Department of Anesthesiology (Hei Long Jiang Province Key Lab of Research on Anesthesiology and Critical Care Medicine), and the Second Affiliated Hospital, Harbin Medical University, Harbin, China.
J Heart Lung Transplant. 2013 Aug;32(8):823-31. doi: 10.1016/j.healun.2013.05.005. Epub 2013 Jun 6.
Hypoxia-reoxygenation of cultured macrovascular endothelial cells is used to study ischemia-reperfusion (IR)-related cellular and molecular changes; however, these models do not accurately depict events in pulmonary microvascular endothelial cells (PMVECs) during conventional lung retrieval and transplantation. We used rat PMVECs in a new non-hypoxic cell-based lung transplantation model to assess these events.
To simulate cold storage, rat PMVECs were preserved in 95% O2-5% CO2 at 4°C for 6 hours in low-potassium dextran solution. Dishes were warmed for 1 hour to room temperature for simulating implantation. Medium was added at 37°C in 50% O2-5% CO2-45% N2 to simulate reperfusion. Additional PMVECs were transfected with siRNA targeting mitogen-activated protein kinases (MAPKs) and then subjected to simulated IR.
MAPKs and NF-κB were activated during simulated reperfusion, and AP-1 was activated during ischemia and reperfusion. Increased malondialdehyde levels were found during cold ischemia, and apoptosis and production of IL-1β, IL-6, and TNF-α were observed during reperfusion. Silencing of MAPKs attenuated oxidative stress, inflammation and apoptosis. Silencing of JNK and p38 decreased NF-κB phosphorylation and increased inhibitor of NF-κB (IκB)α levels. Knockdown of ERK1/2 increased NF-κB phosphorylation but had no effect on IκBα expression.
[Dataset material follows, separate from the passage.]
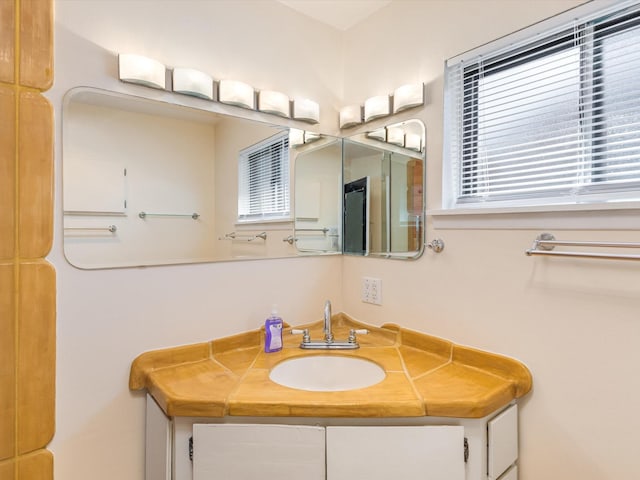 bathroom featuring plenty of natural light and vanity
Silencing of JNK and ERK1/2, but not p38, decreased AP-1 phosphorylation.
Exposing rat PMVECs to simulated non-hypoxic IR caused lipid peroxidation, inflammation and apoptosis, which required MAPK-mediated NF-κB and AP-1 activation and distinct regulation of MAPKs by these 2 transcription factors. This model could be used to uncouple mechanisms of IR and evaluate potential therapeutics in alleviating IR injury.
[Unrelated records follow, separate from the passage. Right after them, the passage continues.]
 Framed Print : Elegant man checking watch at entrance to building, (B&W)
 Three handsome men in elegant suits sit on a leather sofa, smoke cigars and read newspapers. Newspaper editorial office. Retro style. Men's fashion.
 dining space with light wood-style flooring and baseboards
培养的大血管内皮细胞的缺氧-复氧用于研究缺血-再灌注(IR)相关的细胞和分子变化;然而,这些模型并不能准确描述在常规肺获取和移植过程中肺微血管内皮细胞(PMVEC)中的事件。我们使用大鼠 PMVEC 在一种新的非缺氧细胞基础的肺移植模型中评估这些事件。
为了模拟冷藏,将大鼠 PMVEC 在低钾右旋糖酐溶液中于 4°C 下在 95% O2-5% CO2 中保存 6 小时。将培养皿加热 1 小时至室温以模拟植入。在 50% O2-5% CO2-45% N2 中于 37°C 下添加培养基以模拟再灌注。将另外的 PMVEC 用针对丝裂原活化蛋白激酶(MAPK)的 siRNA 转染,然后进行模拟 IR。
在模拟再灌注期间,MAPK 和 NF-κB 被激活,而在缺血和再灌注期间 AP-1 被激活。在冷缺血期间发现丙二醛水平升高,在再灌注期间观察到细胞凋亡和白细胞介素 1β(IL-1β)、白细胞介素 6(IL-6)和肿瘤坏死因子-α(TNF-α)的产生。MAPK 的沉默减弱了氧化应激、炎症和细胞凋亡。JNK 和 p38 的沉默降低了 NF-κB 磷酸化并增加了 NF-κB 抑制剂(IκB)α的水平。ERK1/2 的敲低增加了 NF-κB 磷酸化,但对 IκBα表达没有影响。JNK 和 ERK1/2 的沉默,但不是 p38 的沉默,降低了 AP-1 的磷酸化。
使大鼠 PMVEC 暴露于模拟非缺氧性 IR 导致脂质过氧化、炎症和细胞凋亡,这需要 MAPK 介导的 NF-κB 和 AP-1 激活以及这 2 个转录因子对 MAPK 的不同调节。该模型可用于分离 IR 机制并评估减轻 IR 损伤的潜在治疗方法。